## ABOUT THIS TASK
Retype, word for word, only the lines from the one containing "It's over 60" through the last line of the listing below. Pictures do not belong in the result.

## RECORDED INFORMATION

--*--

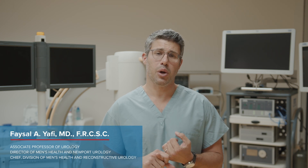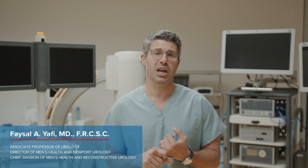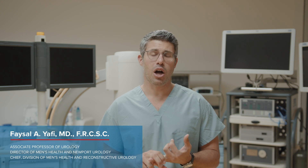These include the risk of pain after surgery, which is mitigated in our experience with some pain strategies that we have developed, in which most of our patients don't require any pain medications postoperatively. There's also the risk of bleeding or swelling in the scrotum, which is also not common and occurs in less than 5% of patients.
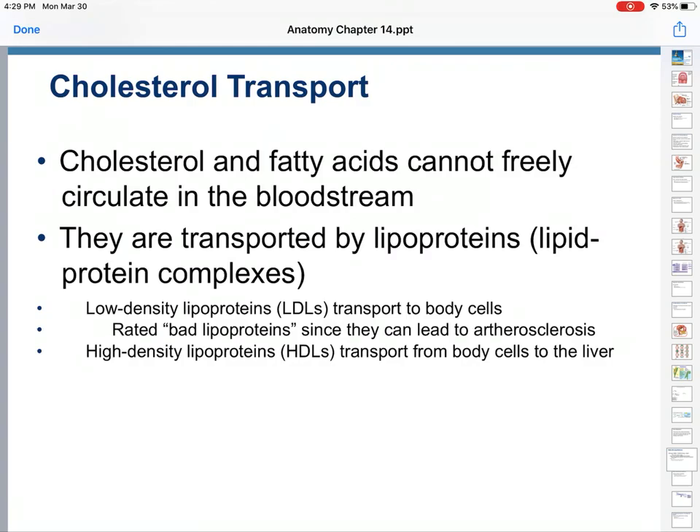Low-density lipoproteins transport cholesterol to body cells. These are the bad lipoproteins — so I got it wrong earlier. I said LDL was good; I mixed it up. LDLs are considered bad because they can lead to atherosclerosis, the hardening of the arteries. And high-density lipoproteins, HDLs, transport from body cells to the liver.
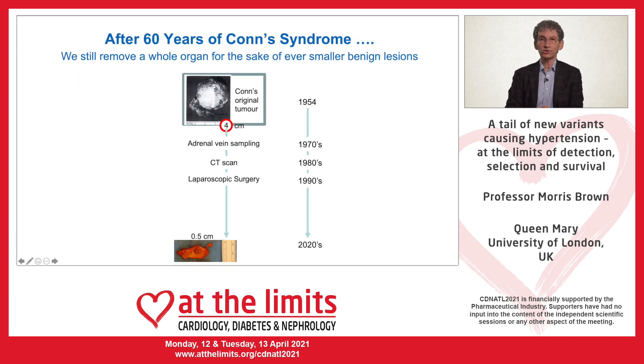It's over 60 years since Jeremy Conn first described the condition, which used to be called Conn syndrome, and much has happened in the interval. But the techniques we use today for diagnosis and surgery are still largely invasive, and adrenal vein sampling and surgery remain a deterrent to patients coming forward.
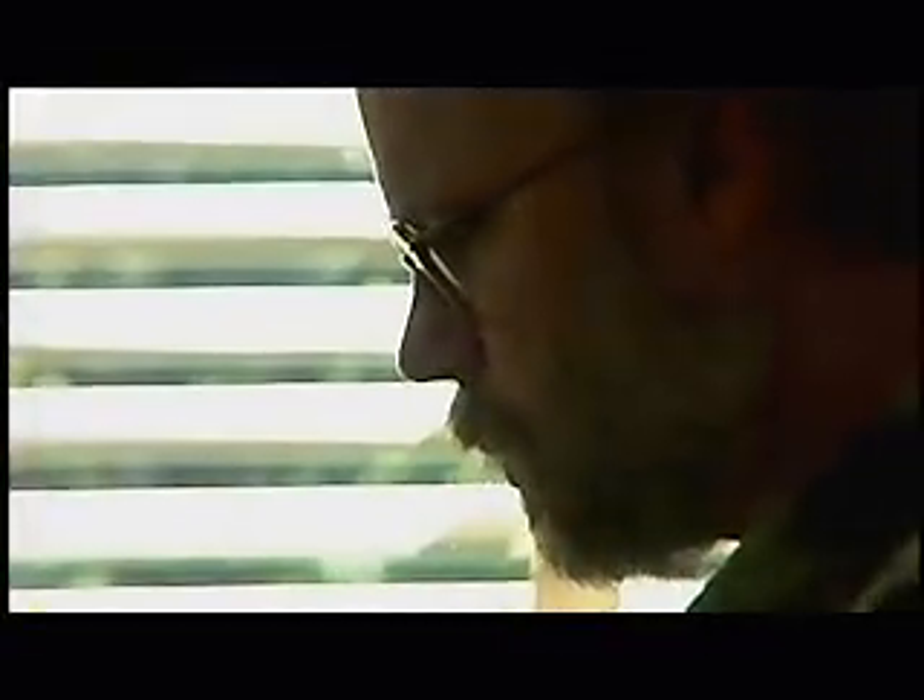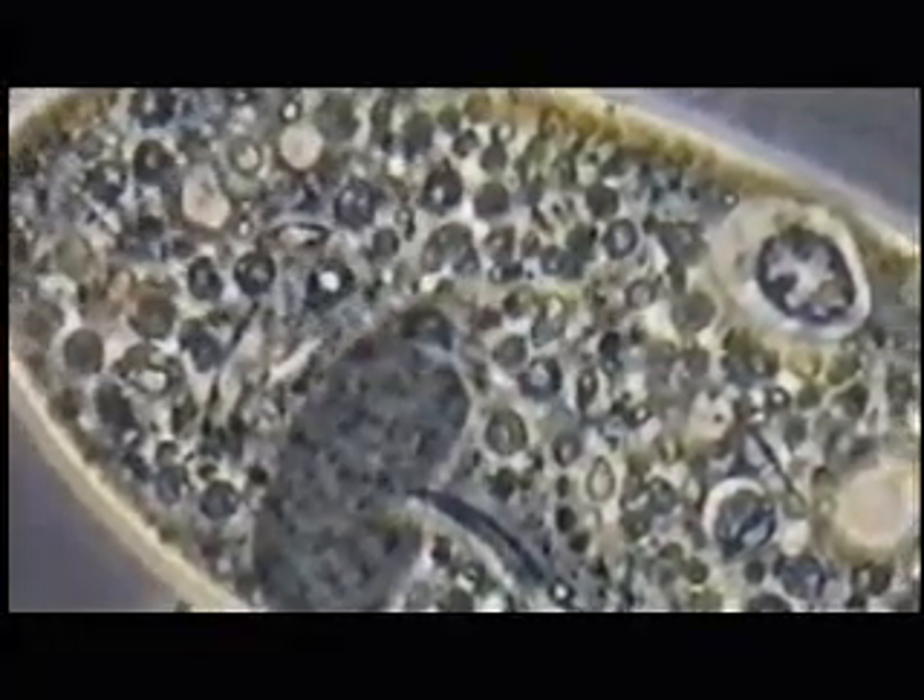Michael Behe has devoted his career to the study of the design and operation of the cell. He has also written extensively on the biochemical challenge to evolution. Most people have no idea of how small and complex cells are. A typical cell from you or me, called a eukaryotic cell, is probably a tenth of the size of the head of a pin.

--*--

## SOLUTION FOR THIS EXERCISE
It's over 60 years since Jeremy Conn first described the condition, which used to be called Conn syndrome, and much has happened in the interval. But the techniques we use today for diagnosis and surgery are still largely invasive, and adrenal vein sampling and surgery remain a deterrent to patients coming forward.
Michael Behe has devoted his career to the study of the design and operation of the cell. He has also written extensively on the biochemical challenge to evolution. Most people have no idea of how small and complex cells are. A typical cell from you or me, called a eukaryotic cell, is probably a tenth of the size of the head of a pin.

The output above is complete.